Find the zeroes of the polynomials.
$x^3-23x^2-142x-120$

Answer 1

Let $p\left(x\right)=x^3-23x^2+142x-120$
Integral zeroes of $120$ are
$\pm 1,\pm 2,\pm 3,\pm 4,\pm 5,\pm 6,\pm 8,\pm 10,\pm 12,\pm 15$ and $\pm 20.$
Here we go for only positive value, because negative value will be give only negative result.

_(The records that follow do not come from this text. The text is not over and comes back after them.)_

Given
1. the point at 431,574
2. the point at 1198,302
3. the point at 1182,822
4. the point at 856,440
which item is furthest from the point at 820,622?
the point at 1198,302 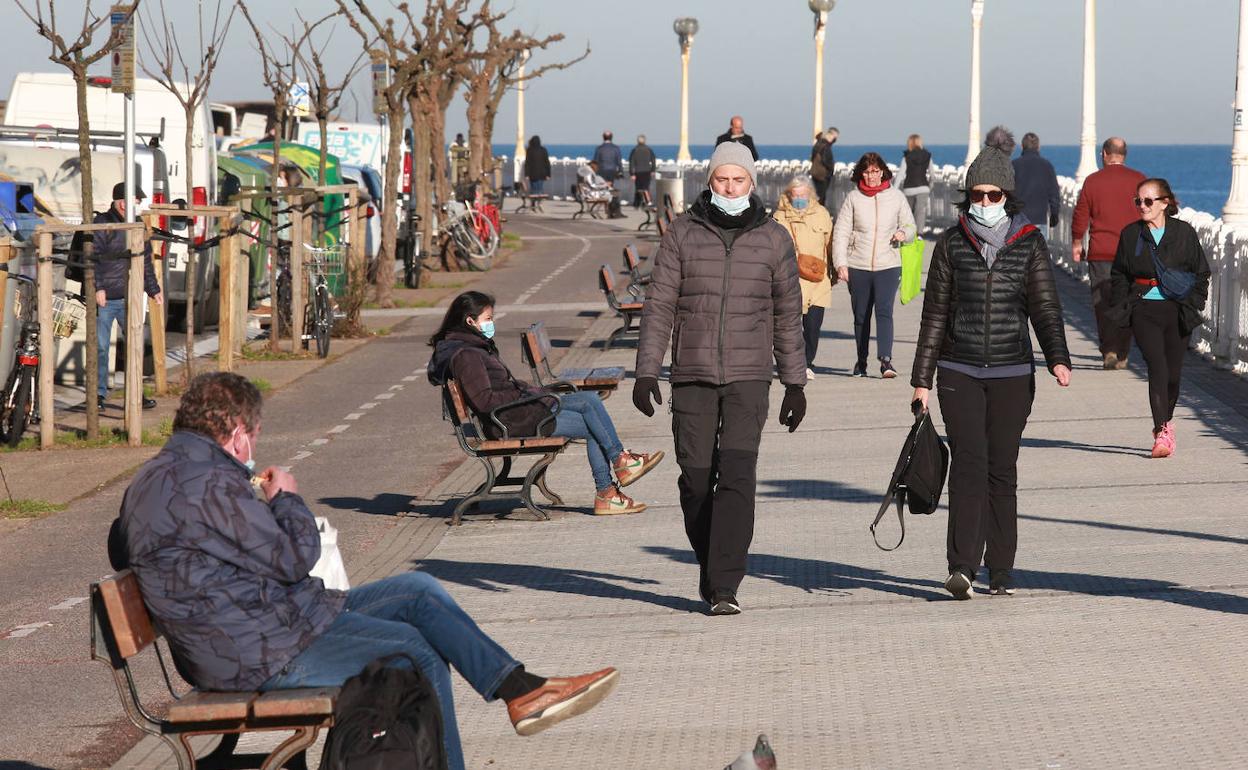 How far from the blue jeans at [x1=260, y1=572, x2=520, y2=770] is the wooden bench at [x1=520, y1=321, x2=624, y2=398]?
6.47 metres

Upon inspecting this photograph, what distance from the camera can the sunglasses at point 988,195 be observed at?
8.17 m

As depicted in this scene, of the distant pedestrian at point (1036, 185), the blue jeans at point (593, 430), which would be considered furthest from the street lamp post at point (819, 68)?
the blue jeans at point (593, 430)

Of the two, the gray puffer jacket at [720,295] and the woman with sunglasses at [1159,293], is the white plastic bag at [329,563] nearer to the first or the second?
the gray puffer jacket at [720,295]

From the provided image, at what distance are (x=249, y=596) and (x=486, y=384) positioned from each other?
5.62m

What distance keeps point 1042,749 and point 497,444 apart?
5.44 m

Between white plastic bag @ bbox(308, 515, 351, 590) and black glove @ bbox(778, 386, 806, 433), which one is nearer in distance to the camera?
white plastic bag @ bbox(308, 515, 351, 590)

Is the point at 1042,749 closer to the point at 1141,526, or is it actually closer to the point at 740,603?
the point at 740,603

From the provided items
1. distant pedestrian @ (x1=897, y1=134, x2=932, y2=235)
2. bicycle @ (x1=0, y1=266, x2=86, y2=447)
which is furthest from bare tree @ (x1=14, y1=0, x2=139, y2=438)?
distant pedestrian @ (x1=897, y1=134, x2=932, y2=235)

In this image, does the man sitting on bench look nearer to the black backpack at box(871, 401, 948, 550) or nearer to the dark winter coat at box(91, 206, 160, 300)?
the black backpack at box(871, 401, 948, 550)

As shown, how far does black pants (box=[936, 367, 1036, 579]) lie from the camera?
8188mm

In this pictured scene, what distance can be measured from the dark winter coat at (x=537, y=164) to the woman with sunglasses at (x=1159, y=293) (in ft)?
140

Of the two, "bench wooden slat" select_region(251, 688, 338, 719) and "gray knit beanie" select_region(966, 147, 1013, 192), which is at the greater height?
"gray knit beanie" select_region(966, 147, 1013, 192)

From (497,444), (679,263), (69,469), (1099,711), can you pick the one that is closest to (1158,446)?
(497,444)

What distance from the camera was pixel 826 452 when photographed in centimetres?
1296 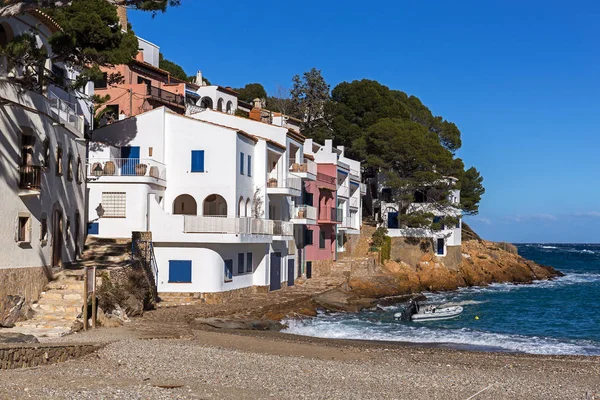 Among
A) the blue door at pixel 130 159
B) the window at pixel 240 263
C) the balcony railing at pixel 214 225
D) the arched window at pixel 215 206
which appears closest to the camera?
the balcony railing at pixel 214 225

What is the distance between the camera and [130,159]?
38625 millimetres

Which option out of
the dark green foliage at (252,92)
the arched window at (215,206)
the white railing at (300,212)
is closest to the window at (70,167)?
the arched window at (215,206)

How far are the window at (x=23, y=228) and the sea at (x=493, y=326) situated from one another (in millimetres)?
12829

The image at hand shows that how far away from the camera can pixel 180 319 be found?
104 ft

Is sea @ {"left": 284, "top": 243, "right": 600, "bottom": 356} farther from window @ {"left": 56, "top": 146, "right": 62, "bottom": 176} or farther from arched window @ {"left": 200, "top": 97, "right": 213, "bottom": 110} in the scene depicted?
arched window @ {"left": 200, "top": 97, "right": 213, "bottom": 110}

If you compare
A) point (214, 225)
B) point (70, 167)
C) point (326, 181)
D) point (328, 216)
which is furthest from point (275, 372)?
point (326, 181)

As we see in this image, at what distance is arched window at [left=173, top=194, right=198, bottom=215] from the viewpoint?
42.6 meters

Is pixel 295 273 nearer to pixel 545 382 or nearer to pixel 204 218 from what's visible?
pixel 204 218

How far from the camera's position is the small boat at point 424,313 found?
142 feet

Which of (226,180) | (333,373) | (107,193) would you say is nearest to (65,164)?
(107,193)

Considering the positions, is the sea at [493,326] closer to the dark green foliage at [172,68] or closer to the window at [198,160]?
the window at [198,160]

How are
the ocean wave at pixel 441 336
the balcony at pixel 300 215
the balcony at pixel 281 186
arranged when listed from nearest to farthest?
the ocean wave at pixel 441 336, the balcony at pixel 281 186, the balcony at pixel 300 215

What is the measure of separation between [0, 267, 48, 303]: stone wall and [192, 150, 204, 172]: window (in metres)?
13.3

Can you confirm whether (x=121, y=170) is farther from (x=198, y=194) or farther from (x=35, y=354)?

$\therefore p\left(1\right)=(1{)}^3-23(1{)}^2+142\left(1\right)-120$
$=1-23+142-120$
$=143-143=0$
$\Rightarrow 1$ is a zero of $p\left(x\right).$
$p\left(10\right)=(10{)}^3-23(10{)}^2+142\left(10\right)-120$
$=1000-23000+1420-120$
$=2420-2420=0$
$\Rightarrow 10$ is a zero of $p\left(x\right).$
$p\left(12\right)=(12{)}^3-23(12{)}^2+142\left(12\right)-120$
$=1728-3312+1704-120$
$=3432-3432=0$
$\Rightarrow -12$ is a zero of $p\left(x\right).$
Hence, $1,10$ and $12$ are zeroes of p(x).